Dall’aggressione mortale in Trentino al presunto attacco di un lupo in Toscana, c’è il rischio concreto di esasperare l'allarmismo. Attenzione, sì, ma con consapevolezza. Sicuri che abbattere gli animali sia la soluzione?

Dopo la morte del giovane ventiseienne Andrea Papi, ucciso da un orso mentre si allenava nei boschi di Caldes, in Val di Sole, che porterà in tutto all’abbattimento di quattro orsi, un nuovo caso di aggressione da parte di un animale selvatico scuote l’opinione pubblica. Vittima del secondo attacco una cinquantenne, che sarebbe stata morsa da un lupo nel tentativo di difendere il proprio cane, mentre passeggiava in una zona isolata di Porcari, comune in provincia di Lucca.

A riportare l’accaduto è il sindaco del comune toscano, Leonardo Fornaciari. Uscita malconcia dall’inatteso e poco gradevole incontro con il lupo, la vittima ha riportato ferite da morso alla mano e all’avambraccio, che hanno necessitato l’applicazione alcuni punti di sutura e l’avvio di terapia antitetanica e antirabbica. Il primo cittadino di Porcari ha tenuto, comunque, a voler abbassare i toni e contenere l’allarmismo, chiedendo ai concittadini di prestare attenzione in caso di passeggiate in zone isolate.

In merito all’aggressione in Val di Sole, invece, dopo aver firmato l’ordinanza per l’abbattimento dell’orso (che sarebbe un esemplare di femmina già protagonista di un’aggressione nel 2020) che ha causato la morte di Andrea Papi, il presidente della Provincia autonoma di Trento, Maurizio Fugatti, ha apposto la propria firma e dato il via libera all’abbattimento di altri tre esemplari ritenuti pericolosi e già in passato protagonisti di attacchi a persone. La decisione è arrivata al termine di un vertice tenutosi a Roma con il ministro dell’Ambiente, Gilberto Pichetto Fratin, e il presidente Ispra, Stefano Laporta.
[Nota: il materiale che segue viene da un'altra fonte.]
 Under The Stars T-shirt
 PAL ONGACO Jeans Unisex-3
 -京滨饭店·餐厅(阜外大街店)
Due casi distinti, consumatisi in contesti completamente differenti, ma che rischiano di scatenare un allarmismo esasperato e far perdere di vista motivazioni reali e soluzioni possibili a problematiche comunque da non sottovalutare. Da indagare, infatti, ci sarebbero le cause che hanno portato alle aggressioni e ciò che, evidentemente, non ha funzionato nei piani di gestione del territorio.

Ed è per questo che nel corso della consultazione in Ministero sul caso Papi, le parti hanno stabilito l’istituzione di un tavolo tecnico di confronto che, partendo dalle nuove criticità emerse, stabilisca in tempi brevi l’avvio delle migliori procedure per ridare sicurezza all’originario progetto di reintroduzione dell’orso nell’arco alpino. In valutazione anche la possibilità di avviare un piano di trasferimento di massa degli orsi, così da portare “a regime” la loro presenza nel territorio della Provincia di Trento, con un numero di esemplari ritenuto sostenibile per il territorio.
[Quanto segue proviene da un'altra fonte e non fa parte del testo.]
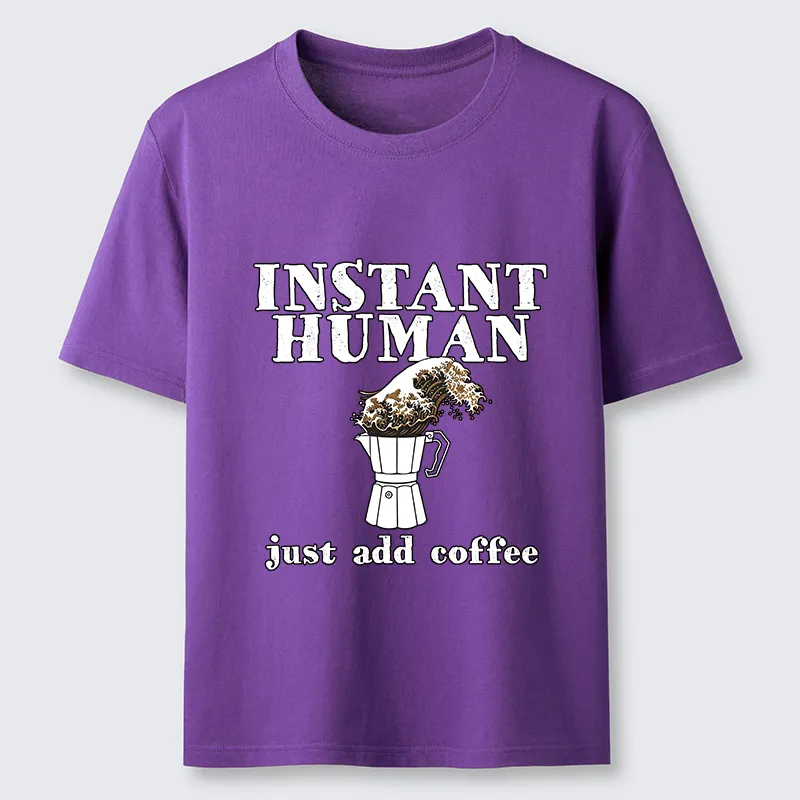 Tokyo-Tiger Instant Human Classic T-Shirt
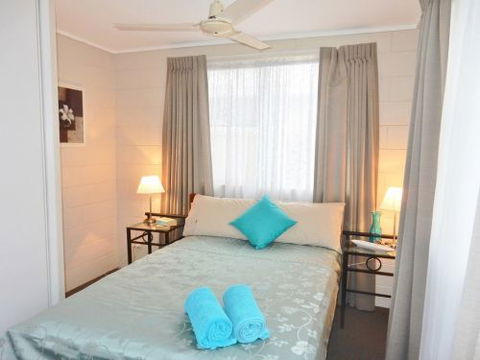 Lucinda Holiday Rentals  - Darwin Holiday 6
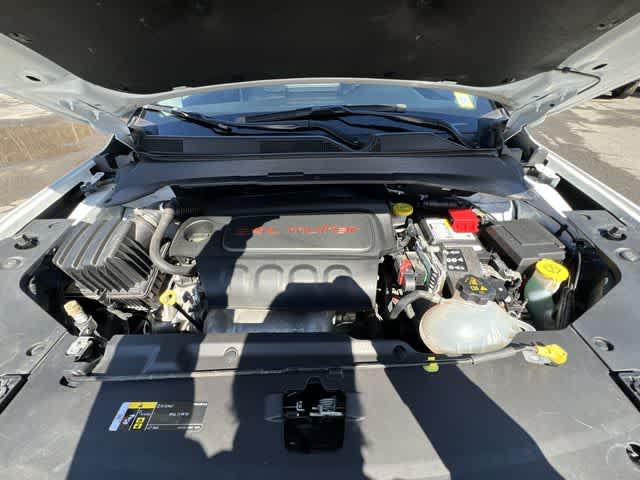 Thumbnail: 2022 Jeep Compass - 13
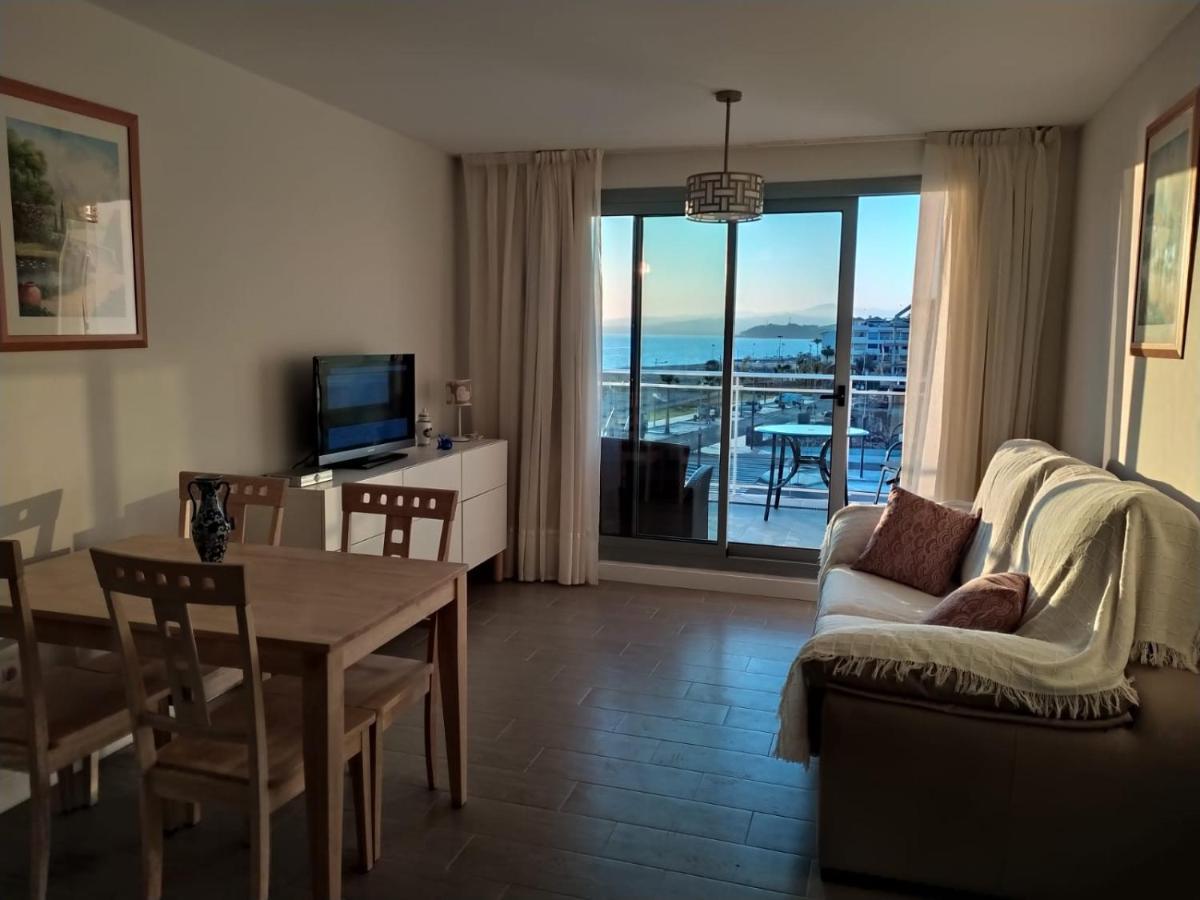 Apartamento Duna Beach Торрокс-Коста Экстерьер фото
Perché, come sottolineato anche da Alessia Gregori, fidanzata di Andrea Papi, al Corriere del Trentino:

Il problema è la situazione mal gestita nel progetto Life Ursus, che è sfuggita di mano. Ok abbattere l’orso che ha ucciso Andrea, ma questa non deve diventare la soluzione al problema. Perché, eliminato un orso ne rimarranno sempre tanti altri pericolosi.

Partendo quindi dal presupposto che le persone che abitano a stretto ridosso di territori dove la presenza di animali selvatici è importante non possano uscire di casa con il terrore, è anche vero che occorre necessariamente distinguere l’allarmismo dall’allarme, e che non si possa pensare che gli animali smettano di agire in quanto tali. Da lì quindi il necessario mea culpa delle istituzioni sugli errori nella gestione della fauna selvatica – caso diverso riguarda invece l’Abruzzo, che è un modello virtuoso di convivenza tra uomo e animali proprio grazie alla gestione oculata – e l’indispensabilità di ripensarne l’esistenza sul territorio.